28 Jun 2024 | Chantal Shaib1 Yanai Elazar2,3 Junyi Jessy Li4 Byron C. Wallace1
This paper introduces the concept of *syntactic templates* to analyze the repetitive patterns in text generated by large language models (LLMs). The authors define syntactic templates as sequences of part-of-speech (POS) tags that appear frequently in model-generated text. They find that these templates are more prevalent in model-generated text compared to human-written references, and that most of these templates can be traced back to the pre-training data. The study evaluates eight models on three different tasks—open-ended generation, synthetic data generation, and summarization—to assess the incidence and characteristics of templates.
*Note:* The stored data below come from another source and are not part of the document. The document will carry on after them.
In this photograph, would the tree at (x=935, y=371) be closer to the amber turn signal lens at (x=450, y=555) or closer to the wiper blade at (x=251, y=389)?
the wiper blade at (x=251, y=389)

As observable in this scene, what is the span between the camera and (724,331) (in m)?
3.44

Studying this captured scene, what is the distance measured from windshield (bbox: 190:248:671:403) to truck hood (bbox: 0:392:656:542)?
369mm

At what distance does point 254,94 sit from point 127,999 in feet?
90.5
Key findings include:
1. **Template Incidence**: Model-generated text shows a higher rate of templates compared to human-written references, especially in summarization tasks.
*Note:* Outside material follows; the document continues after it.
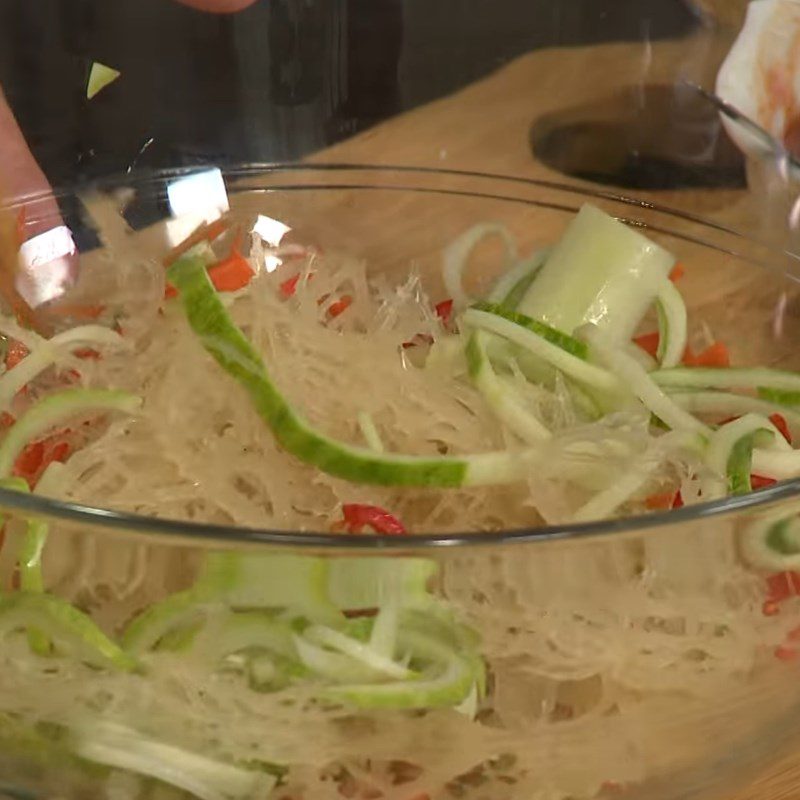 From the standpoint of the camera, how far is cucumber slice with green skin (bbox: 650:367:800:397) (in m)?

2. **Pre-training Data Analysis**: Most templates found in model-generated text are also present in the pre-training data, indicating that models learn these patterns early in the training process.
3. **Template Memorization**: The analysis of style memorization reveals that models can memorize specific syntactic patterns from the pre-training data, even when exact token matches are not observed.
4. **Model Size Impact**: Larger models do not necessarily produce less templated outputs, contrary to expectations.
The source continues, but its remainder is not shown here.